Minister for Food and Civil Supplies, Kerala
- In office 24 May 1982 – 25 March 1987
- Preceded by: E. Chandrasekharan Nair
- Succeeded by: E. Chandrasekharan Nair

Minister for Education, Kerala
- In office 27 April 1977 – 27 October 1978
- Preceded by: C. H. Mohammed Koya
- Succeeded by: C. H. Mohammed Koya

Minister for Social Welfare, Kerala
- In office 27 April 1977 – 27 October 1978

Member of Kerala Legislative Assembly
- In office 1970–1977
- Preceded by: Chakkiri Ahammed Kutty
- Succeeded by: C. H. Mohammed Koya
- Constituency: Malappuram
- In office 1977–1979
- Preceded by: Syed Umar Bafaqi
- Succeeded by: E. Ahamed
- Constituency: Tanur
- In office 1980–1982
- Preceded by: C. H. Mohammed Koya
- Succeeded by: P. K. Kunhalikutty
- Constituency: Malappuram
- In office 1982–1987
- Preceded by: P. T. Kunju Kutty
- Succeeded by: K. Moideen Kutty Haji
- Constituency: Tirur
- In office 1991 – 22 April 1994
- Preceded by: C. P. Kunhalikutty Keyi
- Succeeded by: A. K. Antony
- Constituency: Tirurangadi

Personal details
- Born: 9 March 1925 Kottakkal
- Spouse: A. P. Khadeeja Beevi
- Children: Four sons, two daughters

= U. A. Beeran =

Indian politician

U. A. Beeran (9 March 1925 – 31 May 2001) was an Indian politician from Kottakkal, Malappuram, Kerala, India. Beeran was affiliated with the Indian Union Muslim League and later joined with the Indian National League. Beeran served as Minister in the Government of Kerala.

== Life ==
U.A. Beeran, was born in Kottakkal, India on 9 March 1925.

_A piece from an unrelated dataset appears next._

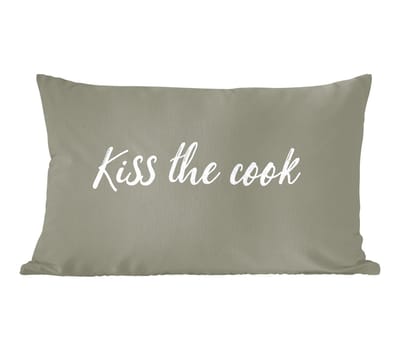 Sierkussens - Kussentjes Woonkamer - 50x30 cm - Quotes - Kiss the cook - Spreuken - Kok - Zoen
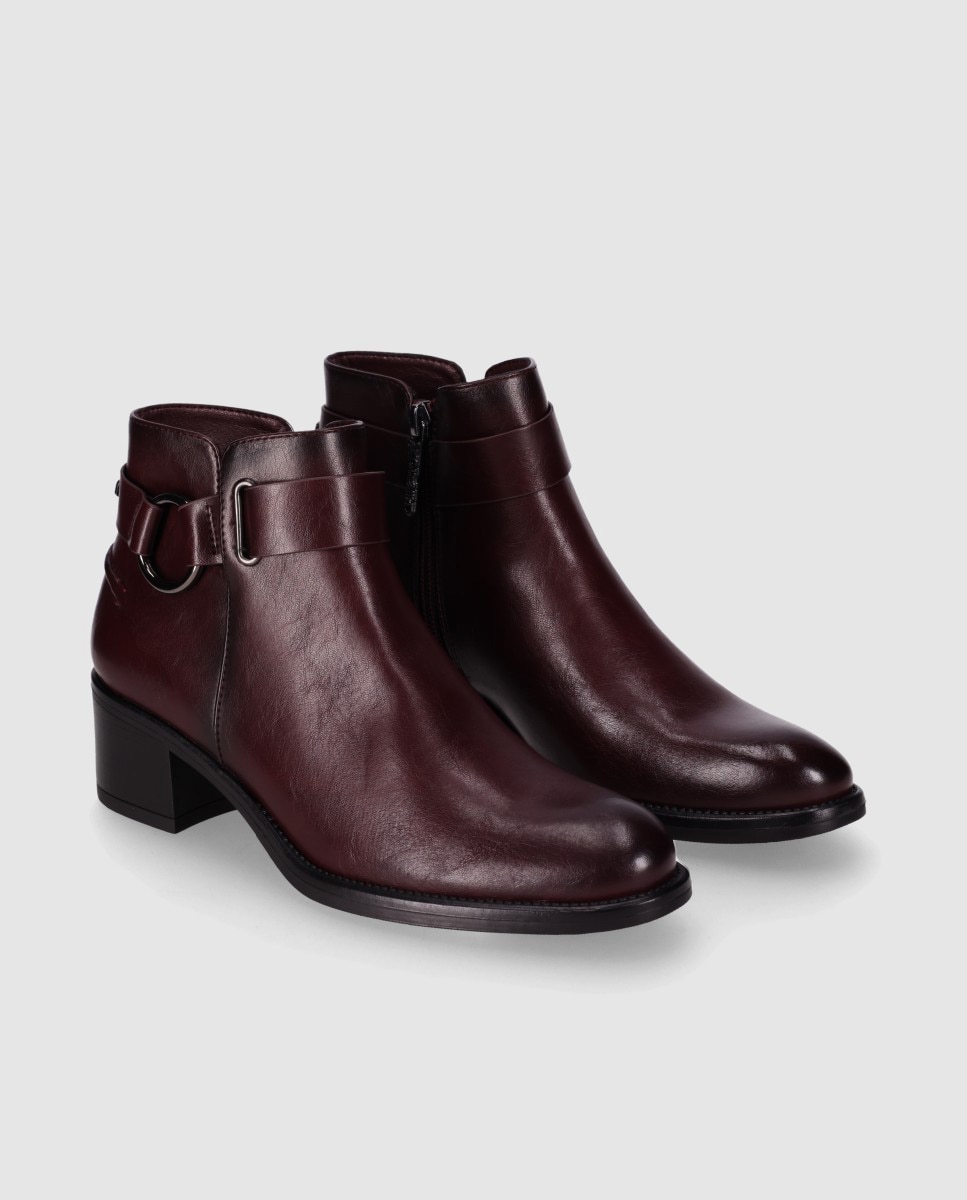 Botines básicos de mujer con tacón medio y tira decorativa con hebilla metálica - Chika10 - Burdeos Burdeos-4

After serving in the Indian Army during the 1940s, and later working in a British engineering firm in Bombay in the early 1950s, he joined the Muslim League and became its Kozhikode District Secretary. Beeran eventually became State Secretary. He became elected to the Assembly in 1970, 1977, 1980, 1982 and 1991 as a Muslim League candidate.

Beeran served as the Minister for Education and Social Welfare from 27 January 1978, to 3 November 1978, in the Ministry headed by A.K. Antony. Beeran served again, from 24 May 1982, to 25 March 1987, as the Minister for Food and Civil Supplies in the Ministry headed by K. Karunakaran.

Beeran has served as Director of State Co-Operative Bank, and Chairman of Kerala Fishermen Welfare Corporation. He was also a former Sub-Editor and Asst. Editor of "Chandrika" and writer, authoring "Arab World and Europe" as well as publishing other books and articles. Beeran had also served for sometime as State Executive Member, "All Kerala Sahitya Parishad".

U.A. Beeran died on 31 May 2001. The Kerala Assembly paid homage to him on 5 July 2001.